10.  Log 10000 = _______

a. 1

b. 3

c.  4

d. 6

11.  The H-R Diagram relates spectral type to ___________________

a.  luminosity

b. absolute magnitude

c.  temperature

d. all of the above

e.  both  a and b

f.  both  a and c

12.  Every star begins its life on ________________

a.  the main sequence

b. the asymptotic giant branch

c.  in the red dwarf corner 

d.  at the lower left of the H-R Diagram.  

13.  The more massive a star is at birth the_________ it will be.

a. more long lived

b. more luminous

c. redder

d. metal rich

14. The majority of main sequence stars are _______________.

a.  M type red dwarfs

b.  O type dwarfs

c.  G type dwarfs

d.  none of the above

15.  Which of the following statements about main sequence stars is/are correct?

a.  they are all fusing hydrogen in their cores

b.  they are all considered dwarf stars

c.   their life spans are all equal

d.   all of the above

ANSWERS

1.  Which ONE of the following is not considered an "improper" stellar motion?

d. space

Improper motions are defined as apparent motions caused by Earth's movements.    Diurnal motion refers to the westward migration of stars across the sky each day due to Earth's rotation.   Annual motion refers to the changing positions of the stars relative to the Sun throughout the year.   This motion results from the planet's revolutionary motion around the Sun.   Precessional motion refers to the changing orientation of the stars relative to the North Celestial Pole due to Earth's "wobbling" motion.   Space motion is the actual motion of stars through the galaxy.

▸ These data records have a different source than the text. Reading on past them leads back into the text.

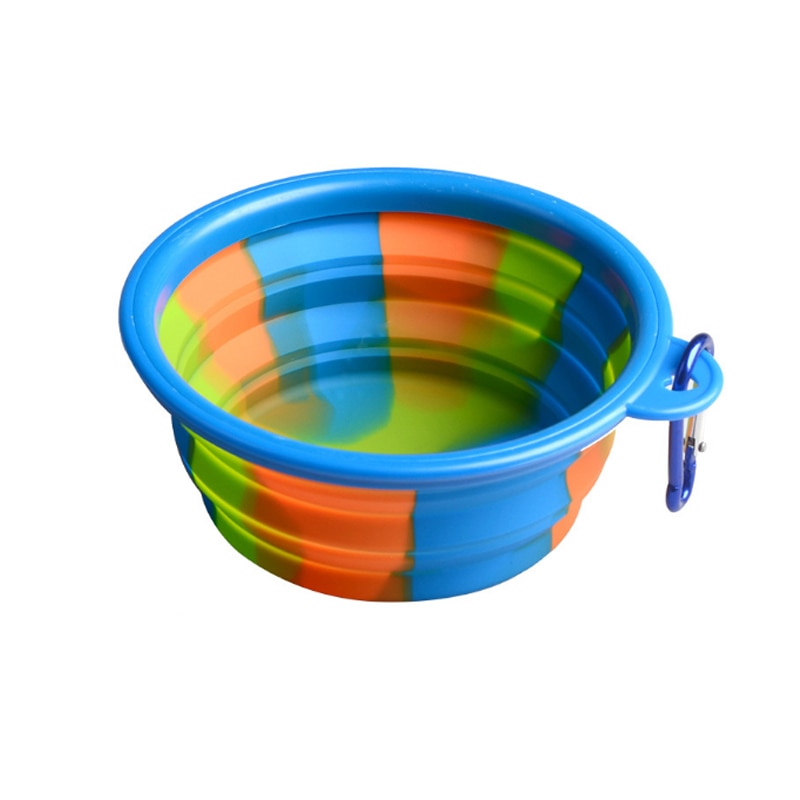 Folding silicone dog bowl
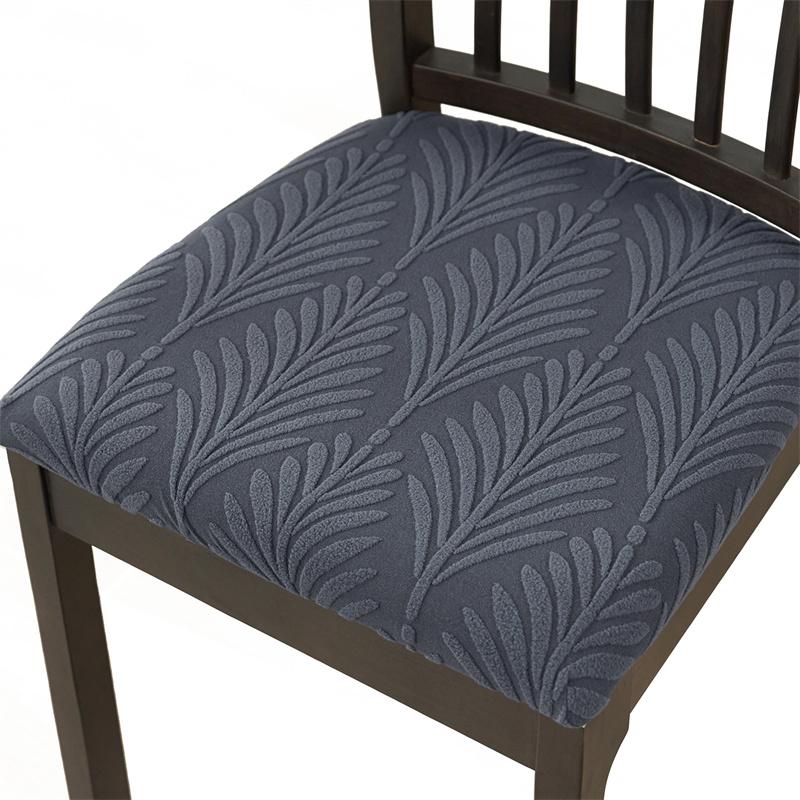 

1/2/4/6Pcs Nordic Style Jacquard Dining Seat Cushion Cover Elastic Upholstered Seat Cover Furniture Protector For Kitchen El 1pc Set Cover
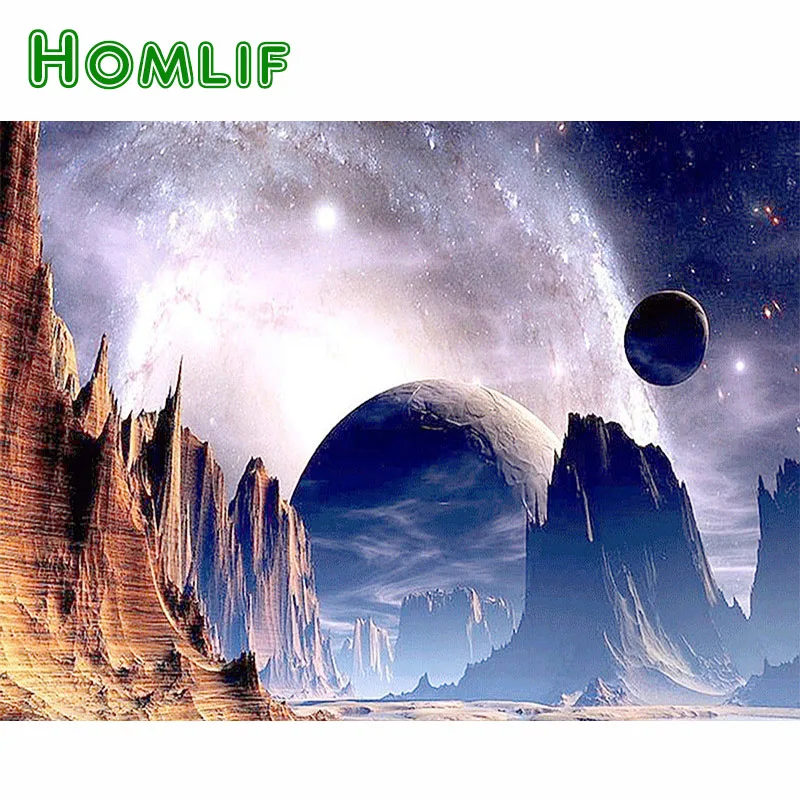 HOMLIF Full Round drill 5D DIY Diamond embroidery Space planet Moon Diamond Painting Cross Stitch Rhinestone Mosaic decoration
HOMLIF Full Round drill 5D DIY Diamond embroidery Space planet Moon Diamond Painting Cross Stitch Rhinestone Mosaic decoration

2.  Diurnal motion shifts a star by about one degree every __________ minute(s).

c.  4

Each night the stars move toward the west because Earth rotates in the opposite direction.     During each 24 hour period, the star will traverse 360 degrees in the sky.   Twenty hours equals 1440 minutes.   1440 divided by 360 = 4 minutes.      

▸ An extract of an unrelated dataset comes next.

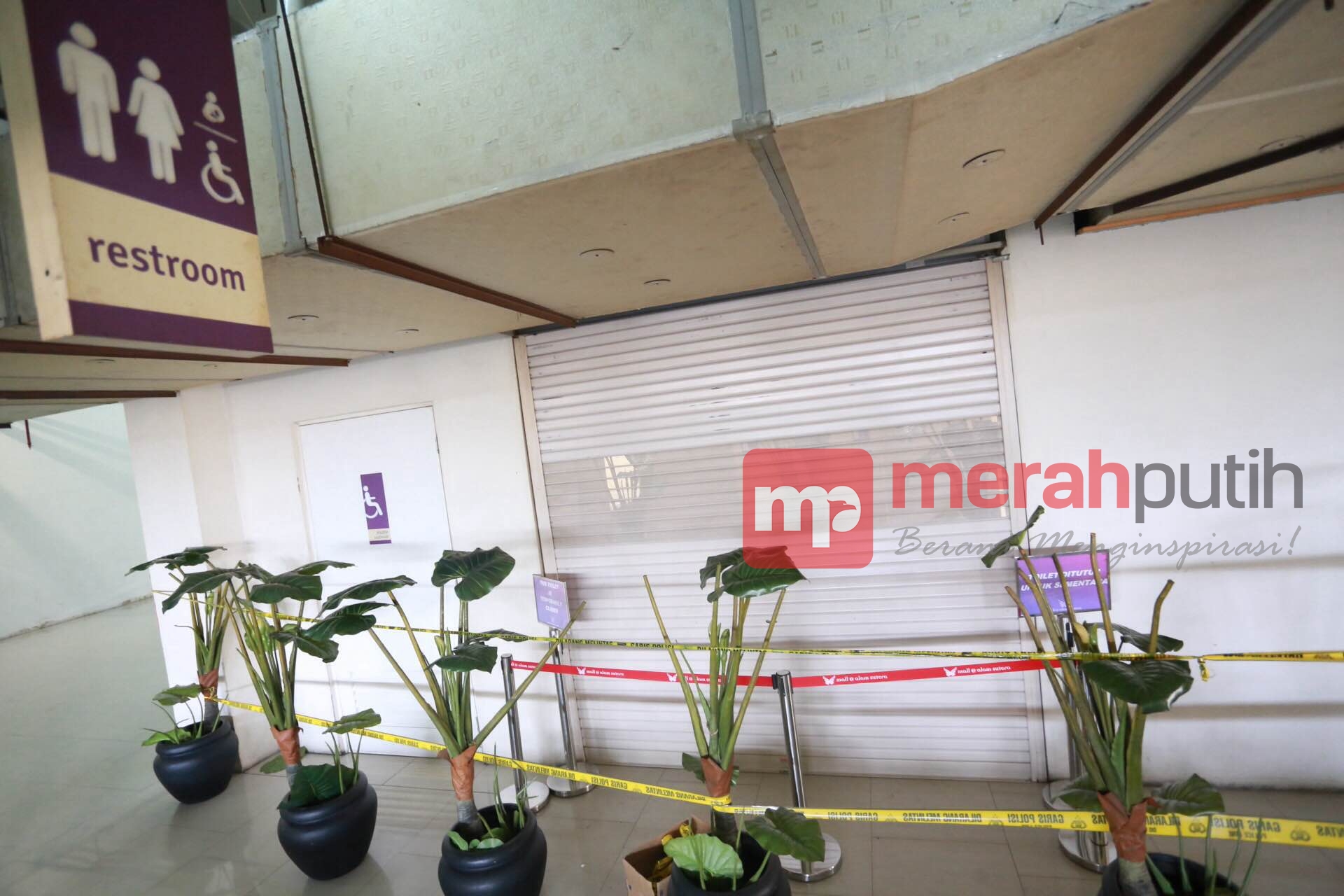 Sebelum Ledakan Bom, Kantin Mal Alam Sutera Tanpa Penjagaan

3.  If the star Betelgeuse rises at 9:00 p.m. on October 31st, what time will it rise on December 31st?

c.   5:00 p.m.

Remember the two hour rule.   Unless a star is circumpolar, it will rise four minutes earlier each day due to Earth's revolutionary motion.     Four minutes a day adds up to about half an hour a week and two hours every month.  So, if Betelgeuse rises at 9:00 p.m. on October 31st, it will rise four hours earlier two months in the future, or at 5:00 p.m.

4.  In 13,000 years, __________ will be the "north star."

d.  Vega

Precession is causing Earth's north pole to describe a wide circle through space over a 26,000 year period.    The pole's alignment will shift during this time so that it will point toward different stars.   In 13,000 years, the NCP will point toward Vega, the brightest star in Lyra the Harp.    While the NCP won't be as close to Vega as it currently is to Polaris, Vega will still serve as the north star for Earthbound observers.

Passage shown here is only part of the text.